[Ocfs2-users] re: o2hb_do_disk_heartbeat:963 ERROR: Device "sdb1"
another node is heartbeating in our slot!
Peter Santos
psantos at cheetahmail.com
Fri Mar 16 13:56:50 PDT 2007
-----BEGIN PGP SIGNED MESSAGE-----
Hash: SHA1
I'm not really how these other servers were setup. I believe disk images were used.
Now I seem to have a bigger problem.

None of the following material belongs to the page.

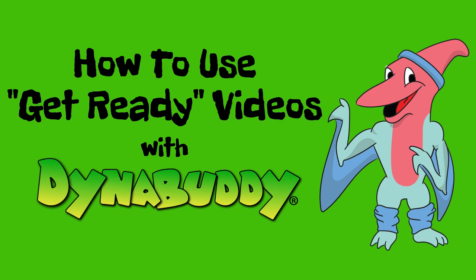Hello, and welcome to DynaBuddy. This video will show you what to do when you play along with the videos called Get Ready. Get Ready videos are warmups, so we recommend using these videos at the beginning of your practice session each day.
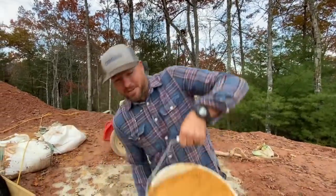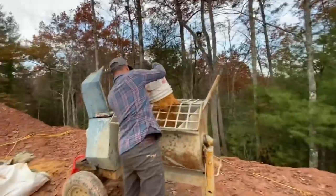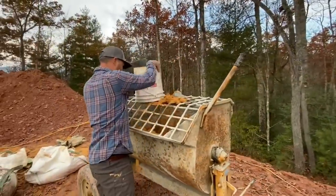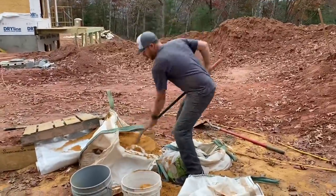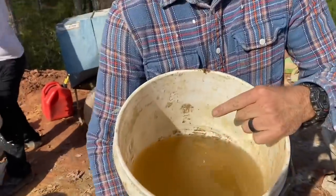First, two five-gallon buckets of sand. Next, a bucket of water, but not completely full to start with — about four and a half gallons. We'll add a little extra if we need to later.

I restarted one of my nodes to see if I can clear
up this mess and now the restarted node won't mount the ocfs2 partitions... so the RAC cluster
doesn't come up.
I re-started node3
dbo3:~ # /etc/init.d/ocfs2 start
Starting Oracle Cluster File System (OCFS2) ocfs2_hb_ctl: Bad magic number in superblock while reading uuid
mount.ocfs2: Error when attempting to run /sbin/ocfs2_hb_ctl: "Operation not permitted"
ocfs2_hb_ctl: Bad magic number in superblock while reading uuid
mount.ocfs2: Error when attempting to run /sbin/ocfs2_hb_ctl: "Operation not permitted"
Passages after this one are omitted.